The works of his hands are faithful and just;
    all his precepts are trustworthy;
they are established forever and ever,
    to be performed with faithfulness and uprightness.
He sent redemption to his people;
    he has commanded his covenant forever.
    Holy and awesome is his name!
The fear of the Lord is the beginning of wisdom;
    all those who practice it have a good understanding.
    His praise endures forever!

PSALM 109 is a prayer of lament written by David.  This psalm has many imprecatory qualities, as David talks about evil men and his enemies, but there is a clear turn towards hope, praise, and thanksgiving about halfway through the psalm.

PSALM 110 is a royal psalm written by David that is both prophetic and Messianic in nature.  This Psalm is quoted in Hebrews 5-7 as the writer portrays Jesus as the “great high priest in the order of Melchizedek.”

PSALM 111 is a song of praise and thanksgiving that was written anonymously.  This psalm is also didactic in nature.

PSALM 112 is a wisdom psalm that was also written anonymously.  This psalm too is didactic and is also intercessional in nature.

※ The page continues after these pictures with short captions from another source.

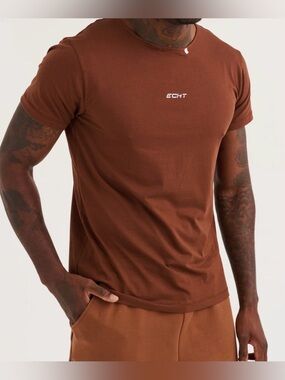Echt Apparel All Season T-Shirt L Lightweight Moisture-Wicking Performance Tee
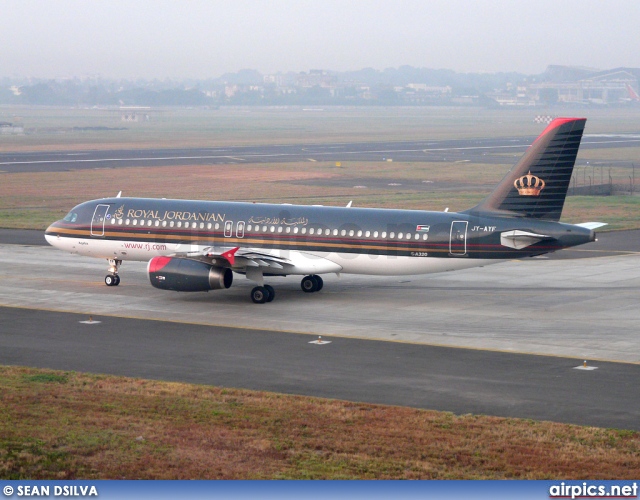 JY-AYF, Airbus A320-200, Royal Jordanian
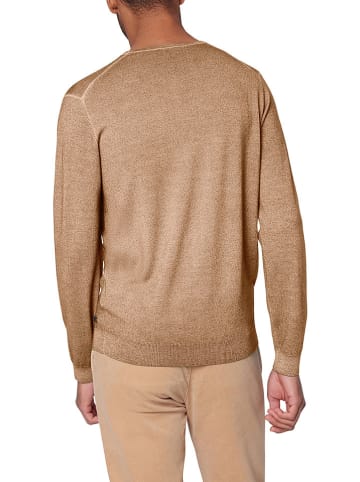 Sweter w kolorze beżowym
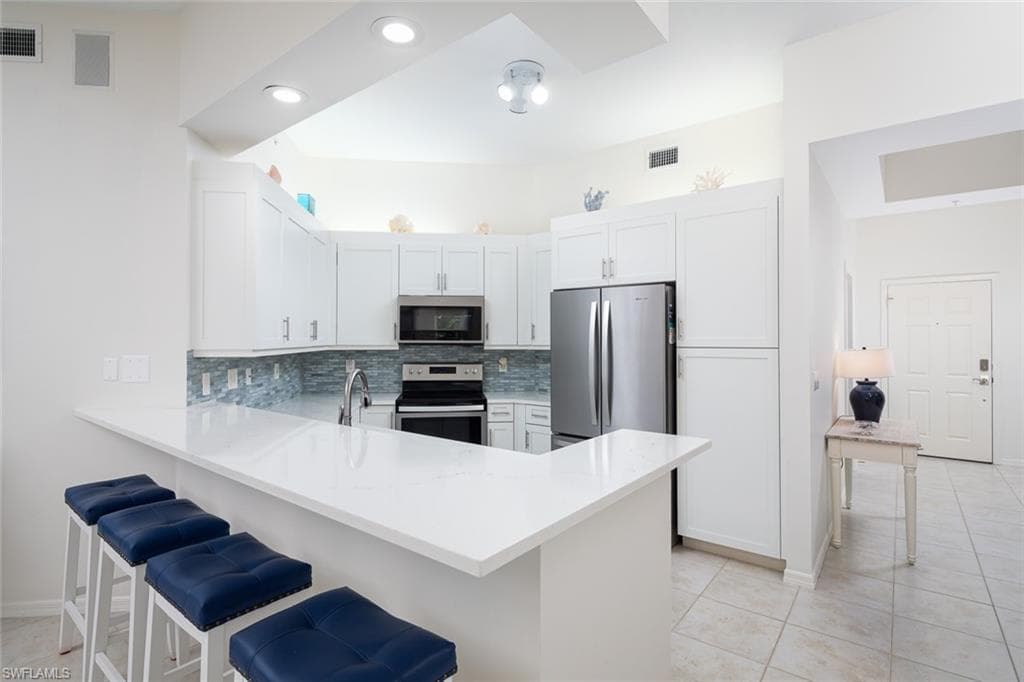 460 Launch Cir Penthouse 01, Naples, FL 34108-8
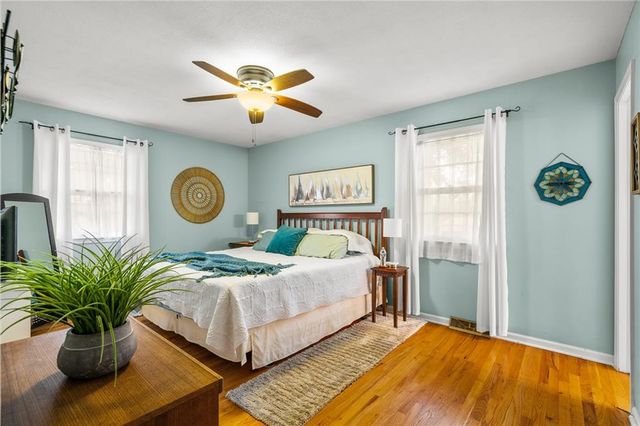 212 SW Craigmont Drive, Lee's Summit, MO 66081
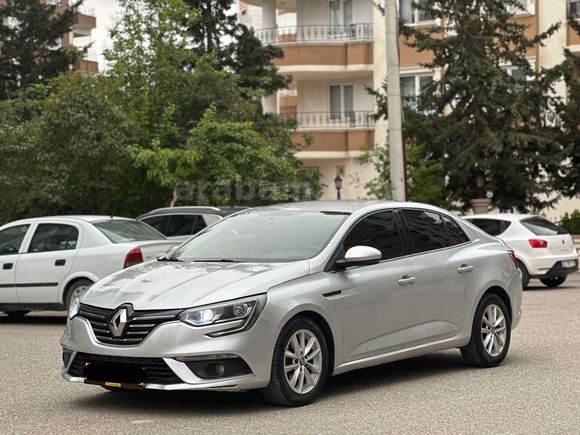 Sahibinden Renault Megane 1.5 dCi Touch 2017 Model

PSALM 113 is a song of praise that was written anonymously.  This psalm is an Egyptian Hallel, a song sung during Passover season.

PSALM 114 is also a song of praise that was written anonymously.  This psalm is also an Egyptian Hallel, a song sung during Passover season.

PSALM 115 is a song of praise that also was written anonymously.  This psalm too is an Egyptian Hallel, a song sung during Passover season.